An hidden pass is one which is not visible over the canvas but new code can be injected on it. This is done by not only applying the /*ase_hide_pass*/ tag but also declaring data entry points as linked ports. This way the graph connected to the main link port will also be analyzed to each one of the ports on the invisible pass.

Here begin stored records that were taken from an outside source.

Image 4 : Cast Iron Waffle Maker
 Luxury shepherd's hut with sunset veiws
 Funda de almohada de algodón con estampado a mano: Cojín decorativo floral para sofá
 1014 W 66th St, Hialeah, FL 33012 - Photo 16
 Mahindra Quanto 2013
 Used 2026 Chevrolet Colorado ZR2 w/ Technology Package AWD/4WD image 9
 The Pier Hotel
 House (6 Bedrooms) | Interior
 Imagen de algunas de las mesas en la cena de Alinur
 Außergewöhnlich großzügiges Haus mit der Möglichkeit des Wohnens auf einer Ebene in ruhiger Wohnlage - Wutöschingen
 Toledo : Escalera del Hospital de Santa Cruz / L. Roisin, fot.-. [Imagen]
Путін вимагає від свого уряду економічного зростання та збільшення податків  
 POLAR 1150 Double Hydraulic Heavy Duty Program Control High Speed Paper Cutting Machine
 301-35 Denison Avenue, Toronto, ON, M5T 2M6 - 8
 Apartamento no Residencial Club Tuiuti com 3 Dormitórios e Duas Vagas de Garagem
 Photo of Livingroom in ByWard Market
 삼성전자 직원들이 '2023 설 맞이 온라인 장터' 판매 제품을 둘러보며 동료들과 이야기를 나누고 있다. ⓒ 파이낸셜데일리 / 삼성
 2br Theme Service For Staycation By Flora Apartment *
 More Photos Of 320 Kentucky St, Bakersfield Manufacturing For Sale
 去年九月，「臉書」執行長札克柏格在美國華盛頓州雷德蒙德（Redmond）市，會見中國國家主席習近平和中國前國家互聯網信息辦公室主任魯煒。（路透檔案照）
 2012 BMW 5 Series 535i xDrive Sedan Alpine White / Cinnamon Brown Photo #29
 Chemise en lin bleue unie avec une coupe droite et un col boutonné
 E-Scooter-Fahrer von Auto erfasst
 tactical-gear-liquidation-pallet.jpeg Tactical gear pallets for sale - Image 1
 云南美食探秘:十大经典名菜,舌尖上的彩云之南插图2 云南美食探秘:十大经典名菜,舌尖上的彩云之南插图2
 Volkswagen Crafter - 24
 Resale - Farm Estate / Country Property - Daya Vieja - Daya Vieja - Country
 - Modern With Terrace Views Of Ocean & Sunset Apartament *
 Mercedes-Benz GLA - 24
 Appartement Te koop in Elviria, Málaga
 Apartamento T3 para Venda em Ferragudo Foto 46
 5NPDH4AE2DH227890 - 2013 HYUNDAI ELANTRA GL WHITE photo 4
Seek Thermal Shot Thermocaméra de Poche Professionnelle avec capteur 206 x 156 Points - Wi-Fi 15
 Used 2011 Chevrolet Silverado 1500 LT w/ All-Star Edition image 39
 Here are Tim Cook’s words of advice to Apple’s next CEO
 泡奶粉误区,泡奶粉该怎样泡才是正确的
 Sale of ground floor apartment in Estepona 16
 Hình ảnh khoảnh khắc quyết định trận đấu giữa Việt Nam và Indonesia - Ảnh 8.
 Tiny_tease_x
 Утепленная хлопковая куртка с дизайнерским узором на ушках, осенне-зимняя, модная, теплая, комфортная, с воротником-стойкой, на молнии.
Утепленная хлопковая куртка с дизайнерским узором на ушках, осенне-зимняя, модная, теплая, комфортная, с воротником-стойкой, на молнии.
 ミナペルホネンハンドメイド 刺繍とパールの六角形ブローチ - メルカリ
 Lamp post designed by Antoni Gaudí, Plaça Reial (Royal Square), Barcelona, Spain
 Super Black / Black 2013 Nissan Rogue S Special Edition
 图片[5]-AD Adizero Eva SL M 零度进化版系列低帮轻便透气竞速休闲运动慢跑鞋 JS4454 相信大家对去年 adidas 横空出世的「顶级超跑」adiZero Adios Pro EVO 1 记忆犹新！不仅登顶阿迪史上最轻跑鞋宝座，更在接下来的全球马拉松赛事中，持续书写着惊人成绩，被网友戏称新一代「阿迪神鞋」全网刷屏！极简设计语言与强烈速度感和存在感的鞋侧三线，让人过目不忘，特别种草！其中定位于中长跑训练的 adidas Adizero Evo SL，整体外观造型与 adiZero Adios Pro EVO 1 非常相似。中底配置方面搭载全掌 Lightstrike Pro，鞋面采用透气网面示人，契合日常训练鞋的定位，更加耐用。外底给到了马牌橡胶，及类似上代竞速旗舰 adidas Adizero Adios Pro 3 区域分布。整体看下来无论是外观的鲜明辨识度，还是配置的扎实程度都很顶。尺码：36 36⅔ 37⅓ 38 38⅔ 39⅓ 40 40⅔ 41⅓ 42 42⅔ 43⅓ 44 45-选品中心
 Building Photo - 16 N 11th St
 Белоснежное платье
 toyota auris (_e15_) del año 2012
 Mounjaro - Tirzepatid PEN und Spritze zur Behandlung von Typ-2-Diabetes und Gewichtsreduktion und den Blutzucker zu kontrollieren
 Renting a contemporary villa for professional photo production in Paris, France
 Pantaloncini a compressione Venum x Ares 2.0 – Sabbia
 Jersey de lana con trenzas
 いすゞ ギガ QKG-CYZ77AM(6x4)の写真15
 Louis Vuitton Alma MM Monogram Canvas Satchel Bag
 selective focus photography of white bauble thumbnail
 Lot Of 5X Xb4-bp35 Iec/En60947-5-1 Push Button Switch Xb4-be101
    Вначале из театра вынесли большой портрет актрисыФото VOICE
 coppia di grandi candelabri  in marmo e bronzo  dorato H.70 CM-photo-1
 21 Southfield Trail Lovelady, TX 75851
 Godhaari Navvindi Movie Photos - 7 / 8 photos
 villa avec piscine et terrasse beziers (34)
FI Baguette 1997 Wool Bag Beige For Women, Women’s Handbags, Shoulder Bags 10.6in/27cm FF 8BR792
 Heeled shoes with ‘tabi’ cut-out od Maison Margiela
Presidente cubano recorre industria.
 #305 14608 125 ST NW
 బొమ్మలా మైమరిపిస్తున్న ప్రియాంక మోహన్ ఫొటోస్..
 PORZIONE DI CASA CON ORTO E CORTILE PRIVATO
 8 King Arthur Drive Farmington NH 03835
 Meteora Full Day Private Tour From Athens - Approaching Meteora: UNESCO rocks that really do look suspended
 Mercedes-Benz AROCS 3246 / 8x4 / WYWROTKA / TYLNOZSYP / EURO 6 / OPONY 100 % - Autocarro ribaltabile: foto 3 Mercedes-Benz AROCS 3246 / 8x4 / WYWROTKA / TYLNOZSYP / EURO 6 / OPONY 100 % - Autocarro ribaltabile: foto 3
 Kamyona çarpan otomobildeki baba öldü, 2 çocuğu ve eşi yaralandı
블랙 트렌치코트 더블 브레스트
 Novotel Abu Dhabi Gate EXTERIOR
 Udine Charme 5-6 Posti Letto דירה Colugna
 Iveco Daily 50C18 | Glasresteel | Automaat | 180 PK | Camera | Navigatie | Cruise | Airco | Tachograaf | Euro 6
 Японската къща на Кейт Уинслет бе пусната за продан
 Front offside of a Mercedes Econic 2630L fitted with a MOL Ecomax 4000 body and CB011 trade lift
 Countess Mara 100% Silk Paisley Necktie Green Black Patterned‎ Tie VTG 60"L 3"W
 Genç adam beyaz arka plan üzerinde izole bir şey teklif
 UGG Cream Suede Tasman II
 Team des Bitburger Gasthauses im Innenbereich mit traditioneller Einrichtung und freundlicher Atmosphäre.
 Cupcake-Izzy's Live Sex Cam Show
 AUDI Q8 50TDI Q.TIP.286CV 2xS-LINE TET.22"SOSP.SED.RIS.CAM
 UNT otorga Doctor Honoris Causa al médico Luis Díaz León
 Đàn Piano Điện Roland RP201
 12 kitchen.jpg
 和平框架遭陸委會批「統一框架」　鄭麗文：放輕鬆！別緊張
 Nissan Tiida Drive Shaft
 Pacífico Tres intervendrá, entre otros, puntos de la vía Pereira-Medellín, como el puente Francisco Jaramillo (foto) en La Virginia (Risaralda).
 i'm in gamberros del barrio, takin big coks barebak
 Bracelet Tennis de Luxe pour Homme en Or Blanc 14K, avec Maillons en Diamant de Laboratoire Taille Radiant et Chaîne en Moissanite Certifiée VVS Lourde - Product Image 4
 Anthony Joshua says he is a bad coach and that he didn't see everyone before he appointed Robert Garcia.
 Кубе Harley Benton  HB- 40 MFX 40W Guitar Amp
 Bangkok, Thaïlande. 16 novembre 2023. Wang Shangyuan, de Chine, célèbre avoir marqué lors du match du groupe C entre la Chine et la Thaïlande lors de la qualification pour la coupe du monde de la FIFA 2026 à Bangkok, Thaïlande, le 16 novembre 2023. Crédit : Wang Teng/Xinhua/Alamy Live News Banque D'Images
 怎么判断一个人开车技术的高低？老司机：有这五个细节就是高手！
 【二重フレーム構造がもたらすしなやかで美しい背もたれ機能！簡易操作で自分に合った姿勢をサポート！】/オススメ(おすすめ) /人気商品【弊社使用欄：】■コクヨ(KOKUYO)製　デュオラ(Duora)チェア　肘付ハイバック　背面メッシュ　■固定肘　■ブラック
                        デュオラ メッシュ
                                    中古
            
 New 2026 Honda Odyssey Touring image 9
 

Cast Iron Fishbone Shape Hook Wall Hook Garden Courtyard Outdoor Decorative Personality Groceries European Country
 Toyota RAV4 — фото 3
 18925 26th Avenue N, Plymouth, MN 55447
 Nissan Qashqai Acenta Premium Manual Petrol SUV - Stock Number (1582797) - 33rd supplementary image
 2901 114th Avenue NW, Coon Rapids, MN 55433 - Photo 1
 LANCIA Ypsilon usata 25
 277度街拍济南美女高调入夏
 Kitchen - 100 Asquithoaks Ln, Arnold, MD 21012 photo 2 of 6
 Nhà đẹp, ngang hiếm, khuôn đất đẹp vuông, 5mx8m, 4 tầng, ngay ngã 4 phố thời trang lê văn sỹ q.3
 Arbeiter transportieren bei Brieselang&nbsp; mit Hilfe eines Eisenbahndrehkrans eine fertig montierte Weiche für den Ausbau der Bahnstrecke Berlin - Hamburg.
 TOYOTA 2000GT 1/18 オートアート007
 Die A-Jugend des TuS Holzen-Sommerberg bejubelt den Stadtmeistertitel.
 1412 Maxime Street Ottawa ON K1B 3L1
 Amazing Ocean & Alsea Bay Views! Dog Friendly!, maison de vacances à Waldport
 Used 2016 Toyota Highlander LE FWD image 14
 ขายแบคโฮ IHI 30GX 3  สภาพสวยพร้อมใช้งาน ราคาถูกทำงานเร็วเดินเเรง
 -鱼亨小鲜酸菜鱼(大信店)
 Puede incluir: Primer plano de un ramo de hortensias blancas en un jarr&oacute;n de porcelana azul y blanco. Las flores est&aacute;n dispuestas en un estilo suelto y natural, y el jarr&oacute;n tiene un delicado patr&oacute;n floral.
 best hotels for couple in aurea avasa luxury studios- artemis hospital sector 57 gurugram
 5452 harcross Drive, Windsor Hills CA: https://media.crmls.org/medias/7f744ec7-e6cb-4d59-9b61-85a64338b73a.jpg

Template Multi-Pass Switch

Template Multi-Pass Switch is a node specific to multi-pass shaders as it relays, in compile time, the input port data corresponding to the current pass being analyzed over its output.

Multi Pass Example

Let's extend the previous example to make use of multiple passes and create an outline shader template.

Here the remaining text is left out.